The Jeff Vander Lou (JVL) neighborhood of St. Louis, located less than 2 miles from downtown, was once a healthy and vibrant community. However, the neighborhood fell into decline and disrepair after World War II, as businesses closed and low-income renters vastly outnumbered homeowners. By 2008, JVL was suffering from poverty and unemployment rates nearly triple the national average, as well as a vacancy rate that totaled nearly 9 percent of all the city’s vacant lots.
In 2008, Habitat for Humanity Saint Louis (HFH STL) launched a revitalization effort for the JVL neighborhood that included development of 65 homes for neighborhood families. Over the next three years, three Community Development Entities, McCormack Baron, USBCDE, and Central Bank of Kansas City, in three separate transactions, provided a total of $14.5 million in NMTC financing, which was used in conjunction with private donations, grants, and other sources of capital to make the project possible.

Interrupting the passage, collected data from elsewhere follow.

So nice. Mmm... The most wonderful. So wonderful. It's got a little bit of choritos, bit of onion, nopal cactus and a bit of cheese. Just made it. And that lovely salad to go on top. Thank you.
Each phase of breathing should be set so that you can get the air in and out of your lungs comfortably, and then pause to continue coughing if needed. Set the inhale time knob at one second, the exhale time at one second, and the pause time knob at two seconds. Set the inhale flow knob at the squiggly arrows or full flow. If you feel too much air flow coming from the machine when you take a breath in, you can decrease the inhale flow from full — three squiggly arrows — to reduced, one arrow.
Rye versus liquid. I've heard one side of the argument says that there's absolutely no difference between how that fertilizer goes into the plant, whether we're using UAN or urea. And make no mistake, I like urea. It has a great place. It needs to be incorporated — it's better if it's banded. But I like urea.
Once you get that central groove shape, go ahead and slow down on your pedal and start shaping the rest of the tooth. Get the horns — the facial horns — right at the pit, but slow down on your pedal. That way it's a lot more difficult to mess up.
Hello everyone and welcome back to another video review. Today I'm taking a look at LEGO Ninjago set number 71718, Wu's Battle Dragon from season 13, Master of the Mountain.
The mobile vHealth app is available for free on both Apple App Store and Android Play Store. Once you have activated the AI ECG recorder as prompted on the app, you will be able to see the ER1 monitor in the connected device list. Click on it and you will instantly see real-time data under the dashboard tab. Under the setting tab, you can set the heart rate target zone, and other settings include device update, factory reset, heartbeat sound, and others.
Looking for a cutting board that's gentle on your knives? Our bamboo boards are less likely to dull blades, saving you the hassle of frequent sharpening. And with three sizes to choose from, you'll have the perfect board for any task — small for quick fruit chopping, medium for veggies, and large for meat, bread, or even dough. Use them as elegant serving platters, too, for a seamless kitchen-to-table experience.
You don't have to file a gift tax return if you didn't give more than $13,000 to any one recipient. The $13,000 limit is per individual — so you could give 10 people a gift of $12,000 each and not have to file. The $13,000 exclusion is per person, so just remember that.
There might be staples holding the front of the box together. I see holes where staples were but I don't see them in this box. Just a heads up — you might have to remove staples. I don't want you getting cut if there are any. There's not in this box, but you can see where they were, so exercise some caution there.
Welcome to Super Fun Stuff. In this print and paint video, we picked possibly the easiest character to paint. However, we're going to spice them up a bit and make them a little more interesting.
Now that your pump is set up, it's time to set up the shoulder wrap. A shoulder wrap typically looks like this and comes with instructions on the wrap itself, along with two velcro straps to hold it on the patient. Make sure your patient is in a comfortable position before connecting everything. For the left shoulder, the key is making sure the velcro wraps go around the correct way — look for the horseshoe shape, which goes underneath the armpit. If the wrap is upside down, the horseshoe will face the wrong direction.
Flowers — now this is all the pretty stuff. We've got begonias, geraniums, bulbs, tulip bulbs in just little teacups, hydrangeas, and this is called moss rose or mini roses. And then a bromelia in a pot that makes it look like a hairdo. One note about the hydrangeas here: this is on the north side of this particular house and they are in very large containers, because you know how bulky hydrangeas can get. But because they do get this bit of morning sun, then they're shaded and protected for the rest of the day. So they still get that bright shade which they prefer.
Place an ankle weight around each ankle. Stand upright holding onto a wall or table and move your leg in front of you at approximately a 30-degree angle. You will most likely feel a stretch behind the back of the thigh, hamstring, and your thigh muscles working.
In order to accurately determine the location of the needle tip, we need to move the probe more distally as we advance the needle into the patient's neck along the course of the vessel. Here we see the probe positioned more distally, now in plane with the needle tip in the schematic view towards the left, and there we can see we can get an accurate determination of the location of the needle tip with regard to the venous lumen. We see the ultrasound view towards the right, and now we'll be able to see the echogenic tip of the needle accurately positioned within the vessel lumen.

This development, completed in 2011, is breathing new life into the JVL neighborhood, creating 71 construction jobs and generating $6.3 million in direct employee wages and income. The neighborhood’s poverty and unemployment rates have decreased. Crime dropped by more than half in 2011 and is on track for a 66% decrease for 2012. The 65 new homes nearly tripled the number of owner-occupied buildings in JVL, and the influx of working families brought more than 60 employed persons to a community with less than 50% labor force participation and only 34% of working age individuals employed. A new bank and coffee shop opened up nearby to serve the new homeowners, and a struggling grocery store and retail center have stabilized.
The tax impact generated by the JVL project resulted in at least $130,000 in new local, county, state, and federal tax revenue. All 65 homes were built to Energy Star and LEED certification standards, providing each homeowner with $435 per year in energy cost savings. Habitat homeowners also accumulate more than $2 million in wealth from their home equity over the next 20 years.